Nothing but the lines below from the one that contains "Möblierte 3+1-Villa in Kargicak" through the one that contains "Soul of the Sorceress by DonnieArts" should be retyped, exactly and including both ends. Do not include pictures.

START EXTRACTED MATERIAL

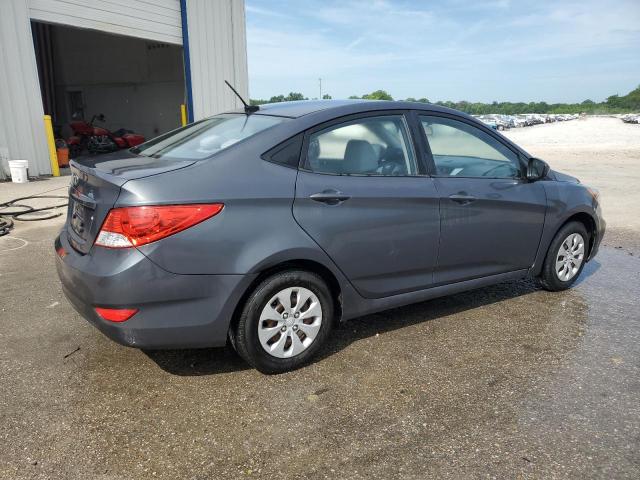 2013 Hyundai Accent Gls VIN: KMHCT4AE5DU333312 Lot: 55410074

END EXTRACTED MATERIAL
START EXTRACTED MATERIAL

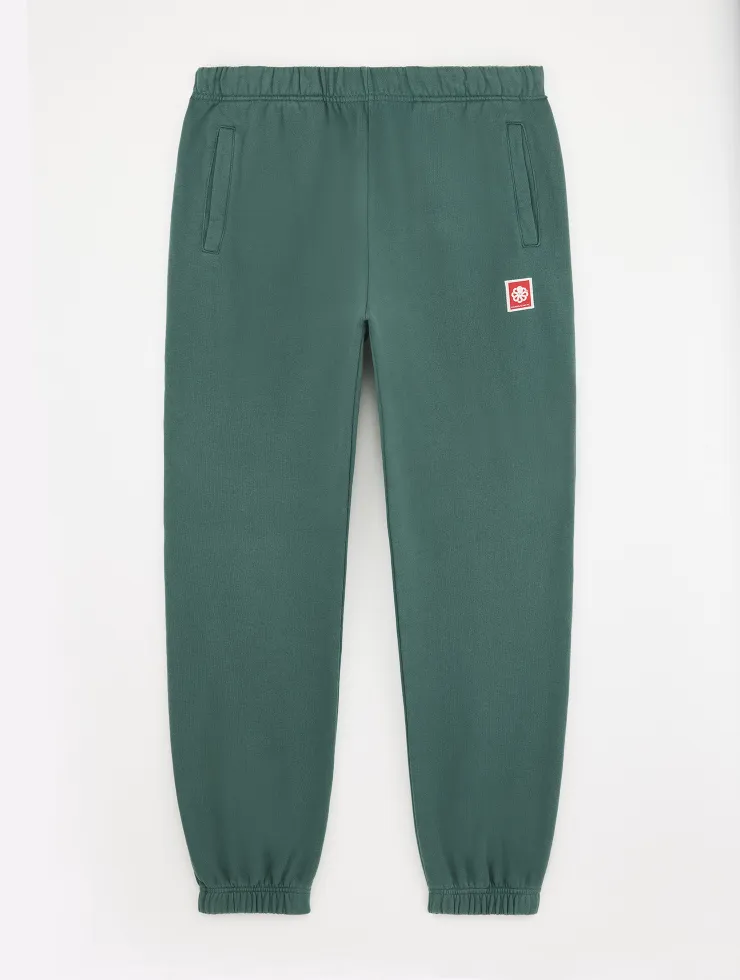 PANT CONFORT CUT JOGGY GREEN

END EXTRACTED MATERIAL
START EXTRACTED MATERIAL

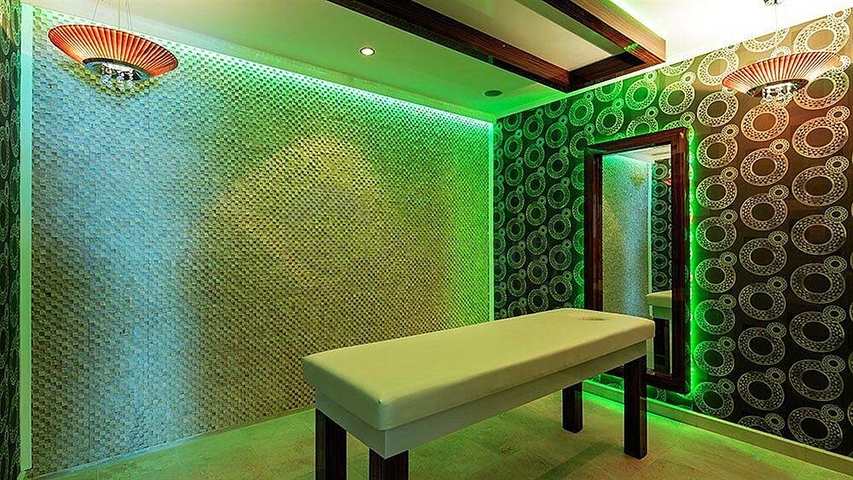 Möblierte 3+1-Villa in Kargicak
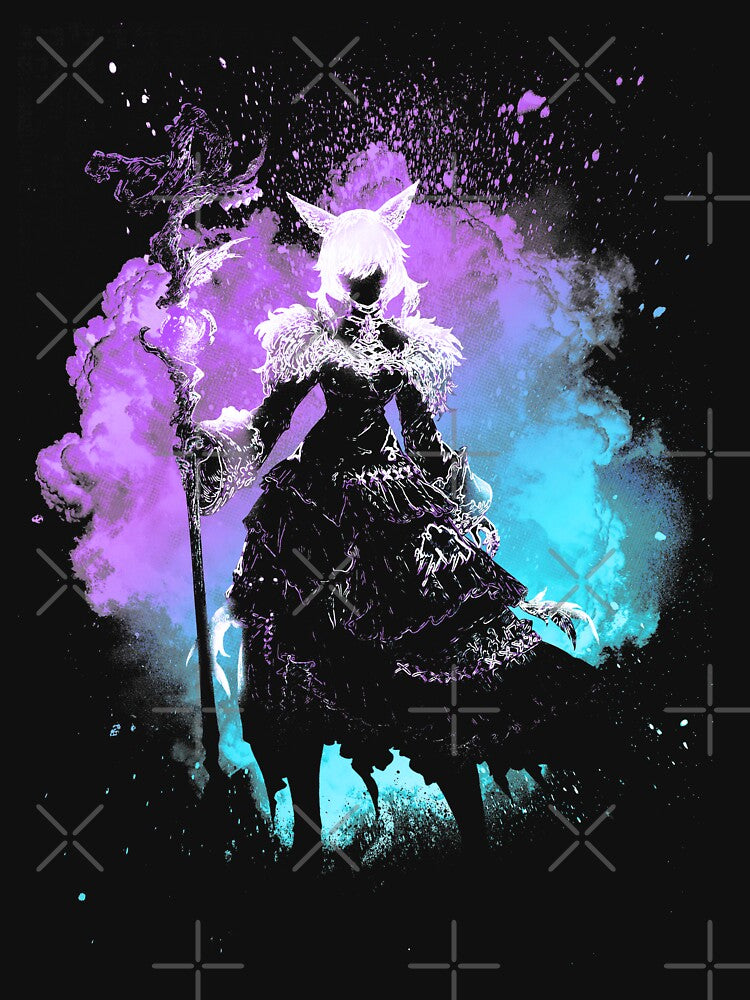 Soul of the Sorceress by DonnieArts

END EXTRACTED MATERIAL

## EXERCISE OUTPUT
 Möblierte 3+1-Villa in Kargicak
 Soul of the Sorceress by DonnieArts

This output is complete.